Thursday, June 23, 2011
Can Enterprises Crowdsource Security Testing of their Websites?
The rate at which external websites are being hacked demonstrates the lack of an effective defensive mechanism in enterprises. Cyber laws were created to safeguard against script kiddies from hacking into websites and defacing them. These laws scared away much of the early warning system that could have been in place. Hacking for fun is vastly different from hacking for profit.
Would enterprises pay fees to individuals who hacked and privately disclosed flaws be an effective option to find web flaws? Or would it lead to anarchy and mayhem.
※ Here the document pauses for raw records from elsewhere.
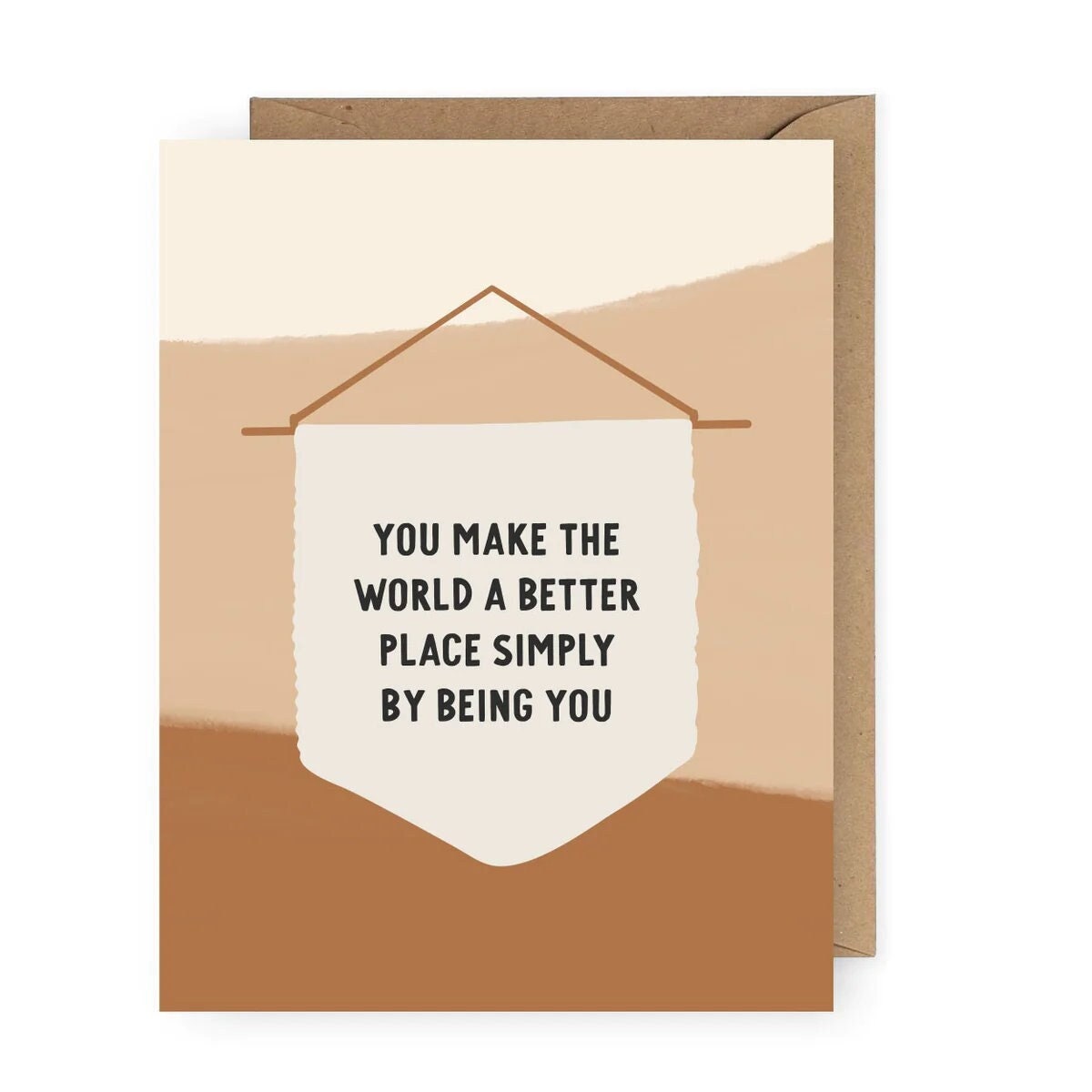 You Make the World a Better Place Banner Greeting Card, Birthday Card ...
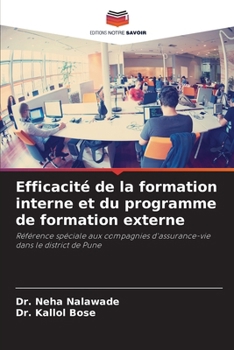 Paperback Efficacité de la formation interne et du programme de formation externe [French] Book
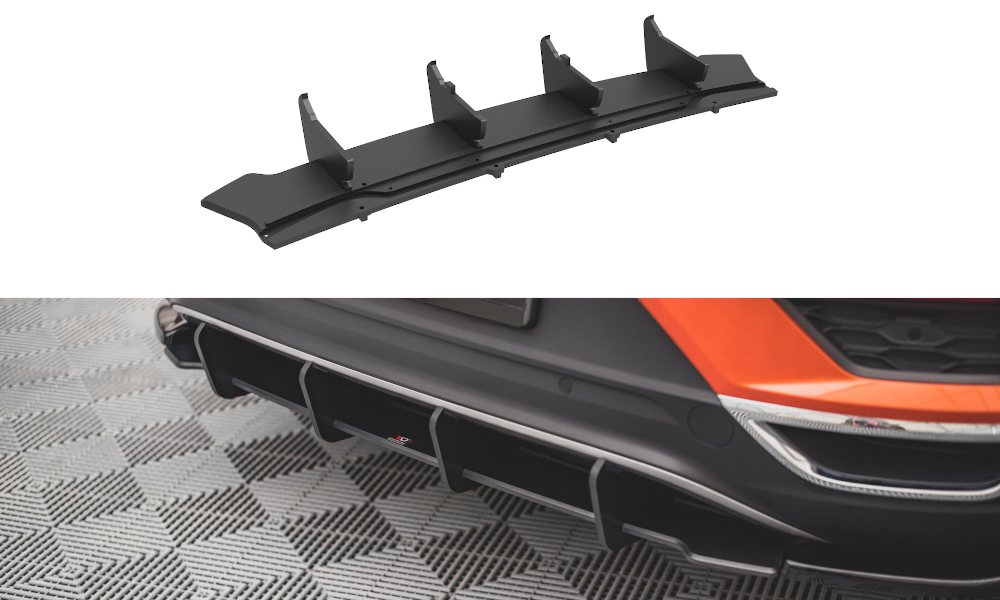 Street pro rear diffuser volkswagen t-roc mk1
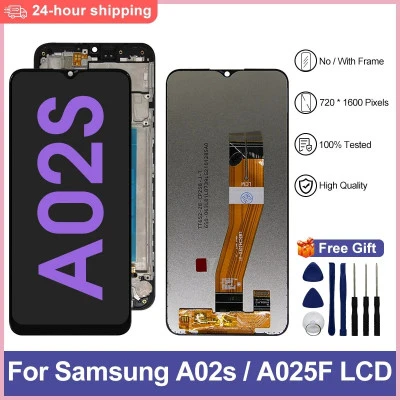 لسامسونج غالاكسي A02S عرض SM-A025G/DS LCD شاشة تعمل باللمس محول الأرقام عرض لسام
Such programs have been in use by product vendors, but not by enterprises.
1. High Quality Testing
2. Frequent Testing
3. Will keep security and IT team on their toes
4. Reduce the motivation to hack for profit
5. Value for money as payment will be outcome based.
1. Affect site performance
2. Reduce the effectiveness of the cyberlaws
3. Encourage script kiddies
4. May not be practical to implement
On the whole, I believe a crowd sourcing approach will be a net positive. It will motivate the good guys more that laws deter the bad guys.
I must add a disclaimer to this blog. These are a thoughts and not a recommendation. The key lies in the practicality and legality of the method used for implementation.